• [TASK TO COMPLETE]: Using the data below, print exactly the line with "Suzuki Jimny 1.5", the line with "Slide: The Image", and every line between them, but none of the pictures.

(Dataset excerpts)
..........

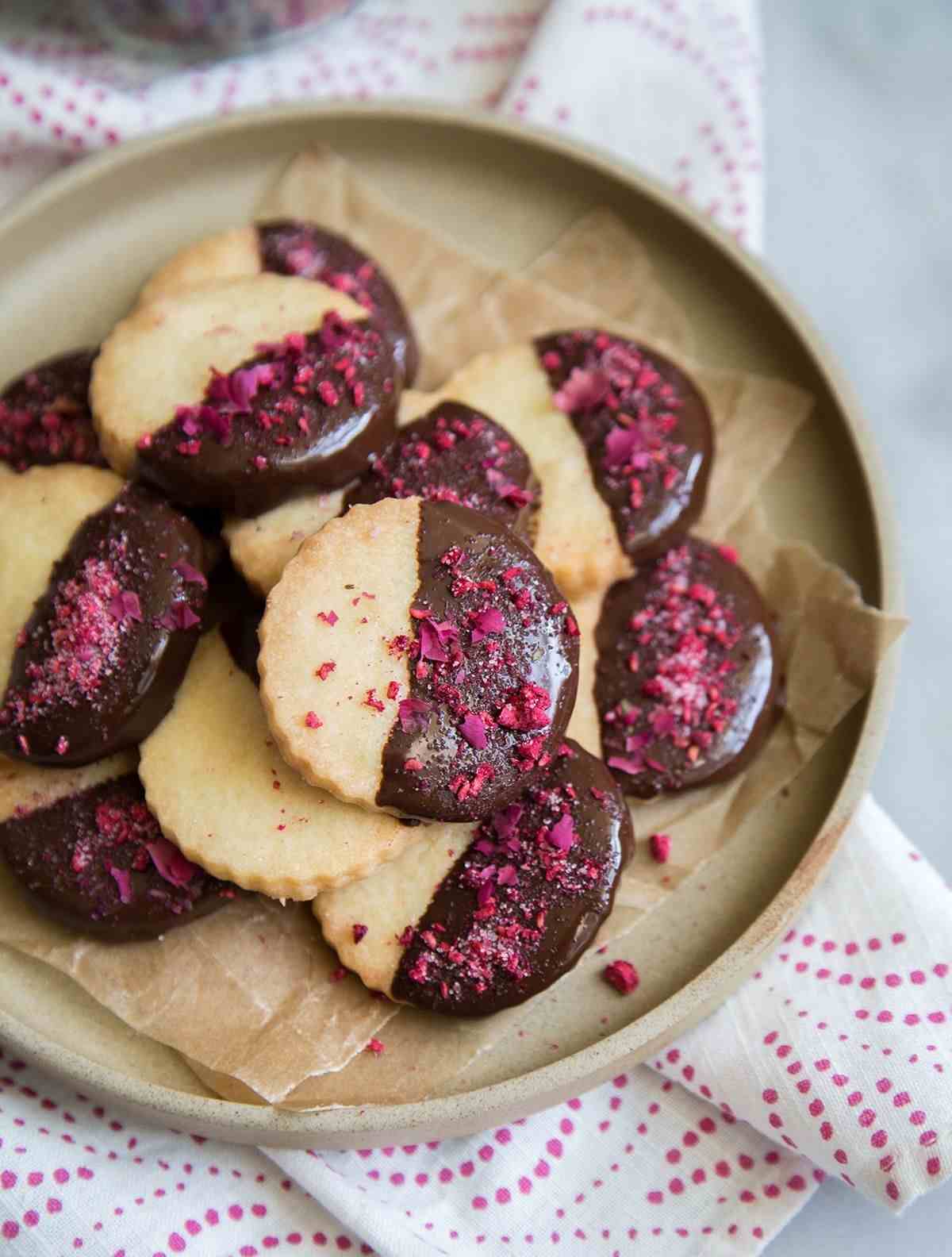 Schokoladen Kekse mit Rosen Wasser Rezept Weihnachtsplätzchen backen einfache Ideen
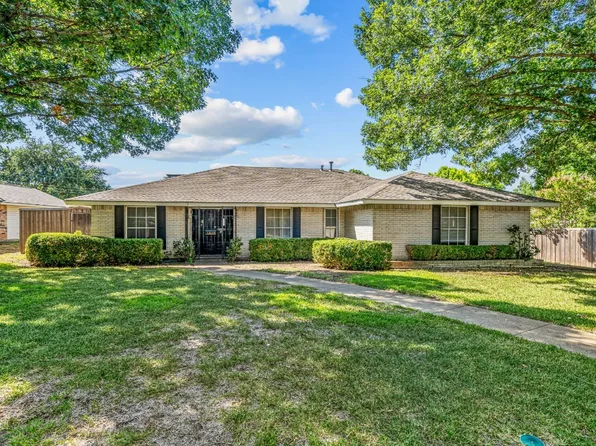 3828 High Summit Dr, Dallas, TX 75244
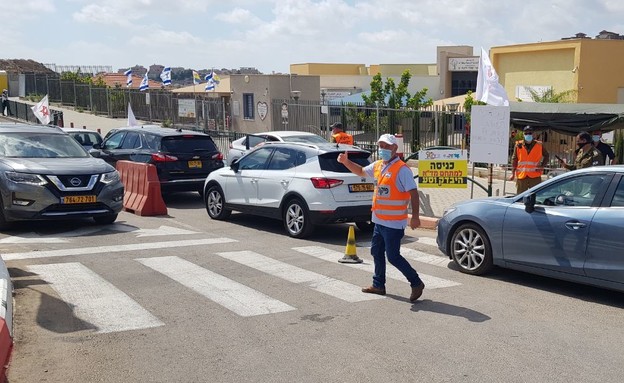 מהבוקר יותר מ-400 בדיקות  בדרייב אין קורונה בירכא (צילום: מד"א)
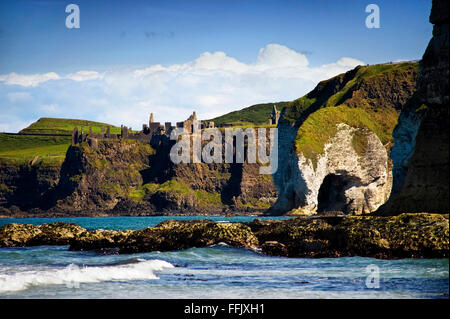 Der große Bogen Dunluce Castle, Whiterocks, Antrim Stockfoto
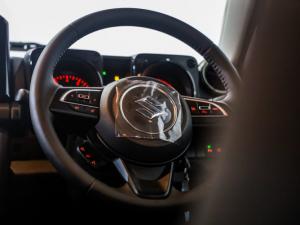 Suzuki Jimny 1.5 GLX AllGrip 5-door auto - Image 15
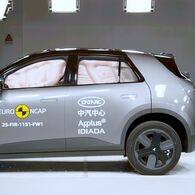 Crashtest: Firefly Ein Auto, das im Zuge eines Crashtests frontal gegen ein Hindernis prallt.
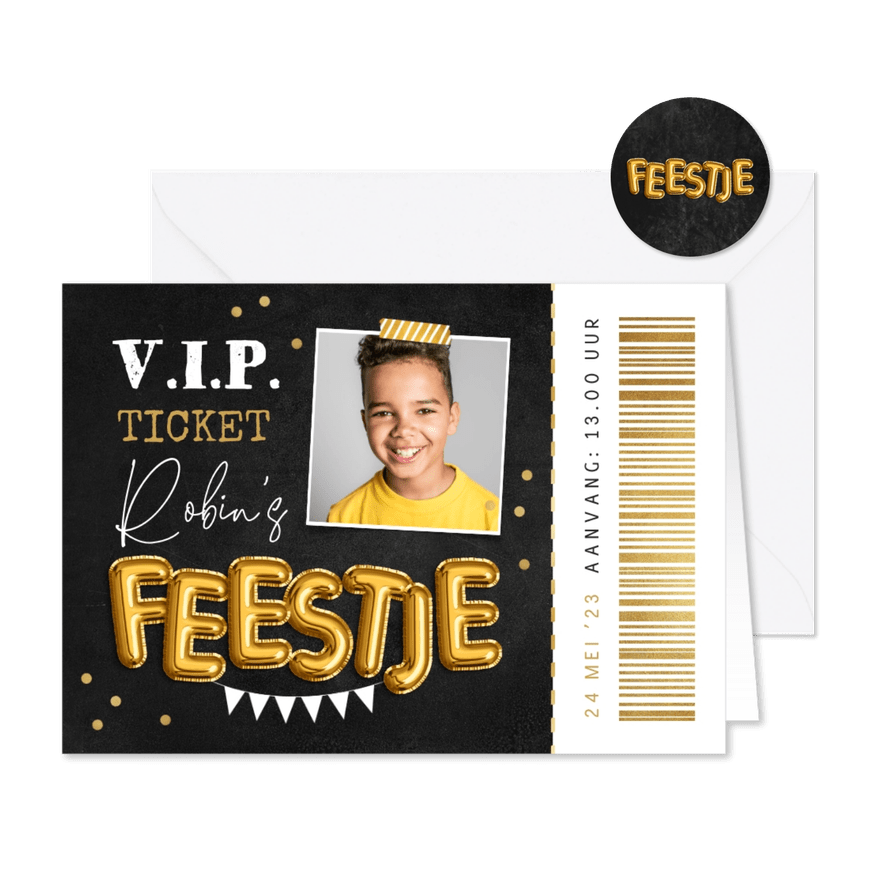 VIP ticket uitnodiging kinderfeestje krijtbord folieballon - Kaartimpressie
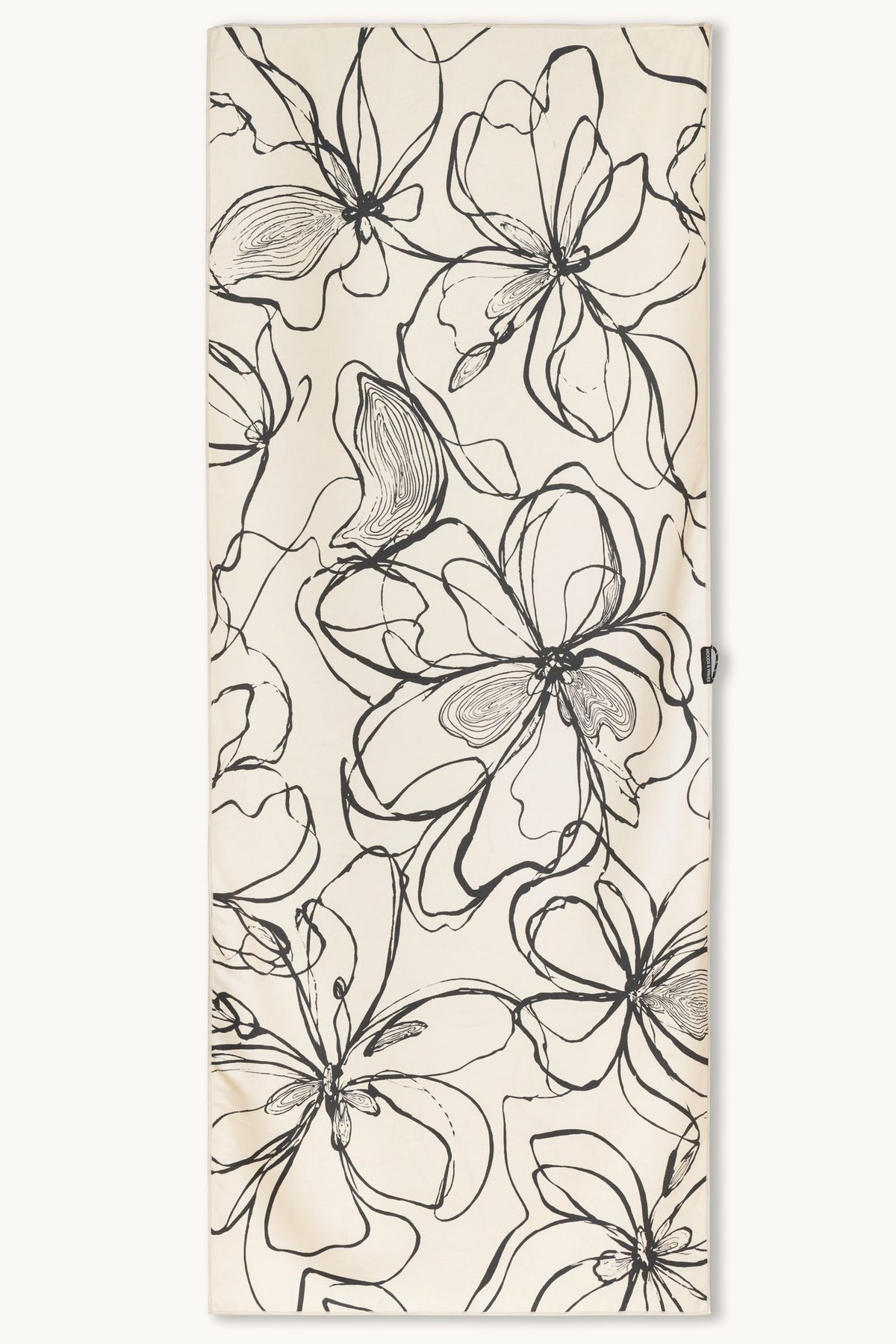 Silent Bloom – Saunatuch aus Premium Mikrofaser (200 x 80 cm), ausgebreitet – Woods & Waves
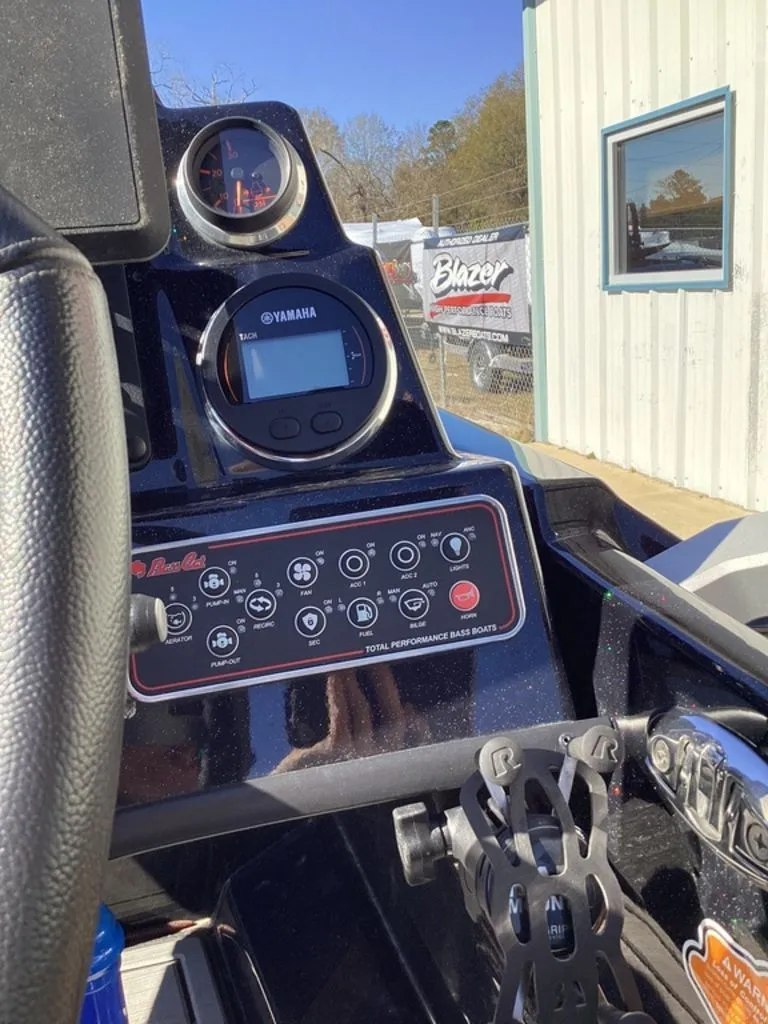 Slide: The Image of Bass Cat Puma STS 2024 - 34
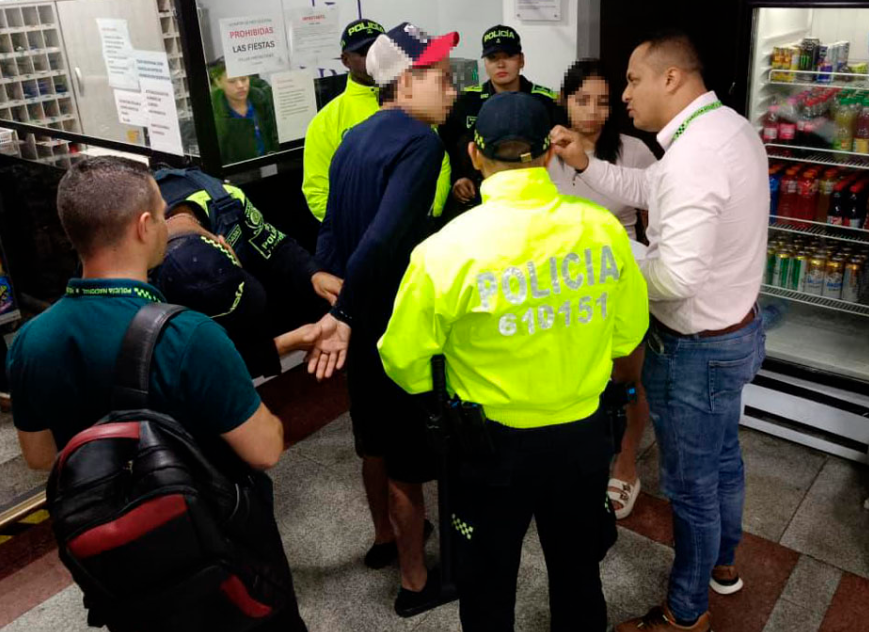 Capturan a madre y padrastro de un niño de dos años por caso de maltrato en Medellín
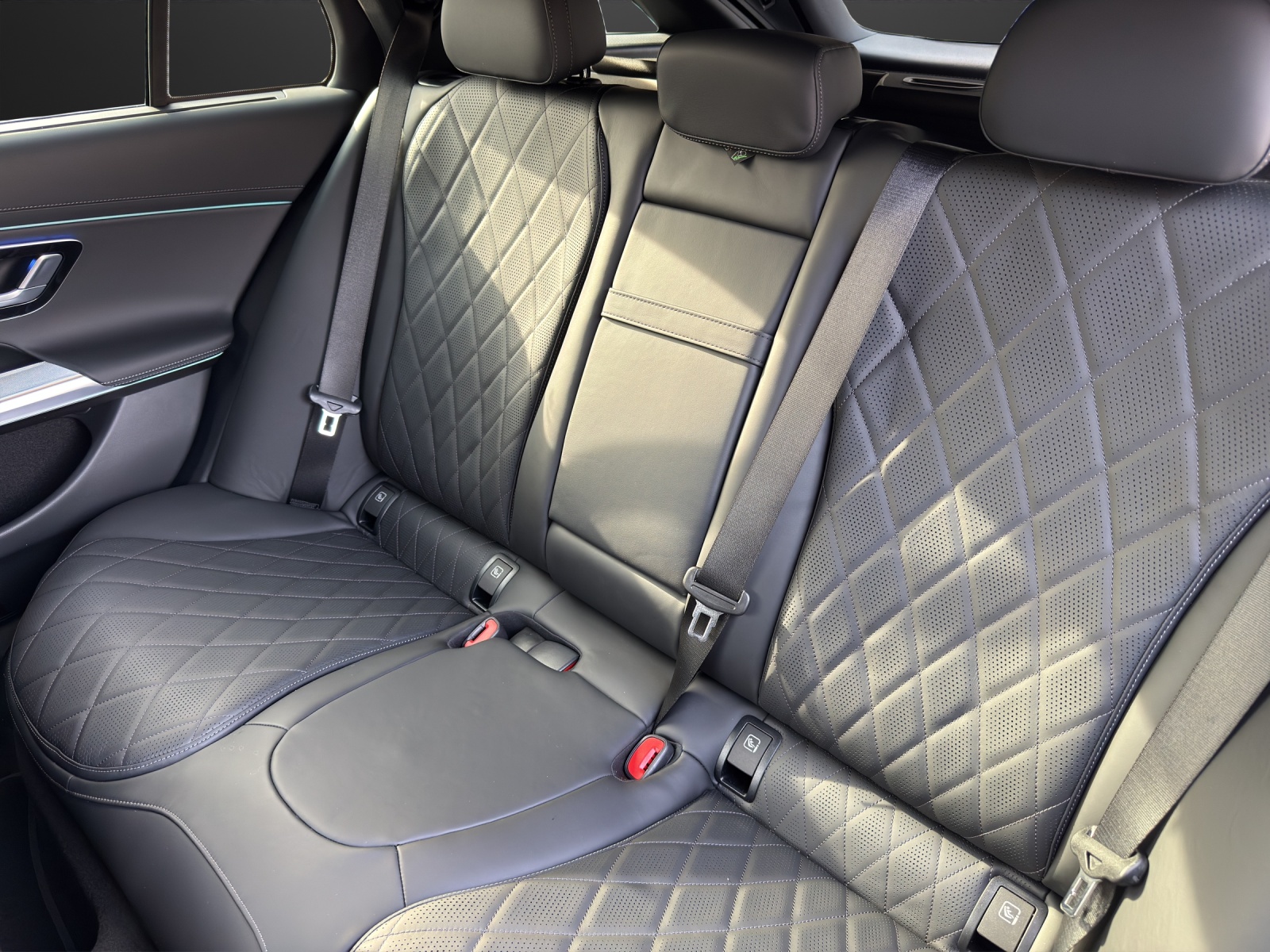 MERCEDES-BENZ E 300 de T 4Matic EQ Hybrid 9G-Tronic-image-14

..........

• [RESULT]:
 Suzuki Jimny 1.5 GLX AllGrip 5-door auto - Image 15
 Crashtest: Firefly Ein Auto, das im Zuge eines Crashtests frontal gegen ein Hindernis prallt.
 VIP ticket uitnodiging kinderfeestje krijtbord folieballon - Kaartimpressie
 Silent Bloom – Saunatuch aus Premium Mikrofaser (200 x 80 cm), ausgebreitet – Woods & Waves
 Slide: The Image of Bass Cat Puma STS 2024 - 34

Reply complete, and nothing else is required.